Pickup truck sales are doing much better than this time last year in just about every category, riding a tall and strong wave of production and product investment. Since Toyota produces both — its pickups — the midsize Tacoma and half-ton Tundra — at the same plant in San Antonio, it has a unique opportunity to increase production of both of its trucks with a single plant investment. To accomplish this, Toyota will add 275 people to the Toyota Motor Manufacturing Texas assembly plant by the summer of 2016.
According to a spokesperson for Toyota, strong pickup truck demand is the reason it will add employees and invest $26 million to improve the production facility. That will allow Toyota to implement a new work schedule designed to add tens of thousands of new pickup trucks to its year-end totals.

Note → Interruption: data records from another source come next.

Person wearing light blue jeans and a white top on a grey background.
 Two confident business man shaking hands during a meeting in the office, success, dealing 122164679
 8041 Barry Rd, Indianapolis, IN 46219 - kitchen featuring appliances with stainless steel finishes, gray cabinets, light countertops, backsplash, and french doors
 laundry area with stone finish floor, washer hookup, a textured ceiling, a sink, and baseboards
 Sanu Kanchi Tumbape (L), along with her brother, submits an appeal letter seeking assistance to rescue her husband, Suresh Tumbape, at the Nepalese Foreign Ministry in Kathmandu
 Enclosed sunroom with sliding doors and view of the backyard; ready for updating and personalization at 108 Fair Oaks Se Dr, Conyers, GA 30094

After production of the Toyota Tacoma moved to the San Antonio plant in 2010, the plant was able to produce up to 200,000 vehicles per year without overtime or Saturday production. However, in the last two years the plant has produced around 230,000 pickups per year through overtime and some Saturday production. This new investment in people and plant upgrades, which will include a six-day work week (Monday through Saturday), should add somewhere in the neighborhood of 50,000 additional pickups per year to total capacity, putting the plant's potential maximum capacity close to 275,000 trucks.
At this stage, Toyota is not saying how it will split the extra units between the Tacoma and the Tundra but our guess is as more people get the chance to drive and see the 2016 Tacoma, dealerships will have trouble keeping the midsize-segment leader on the lots.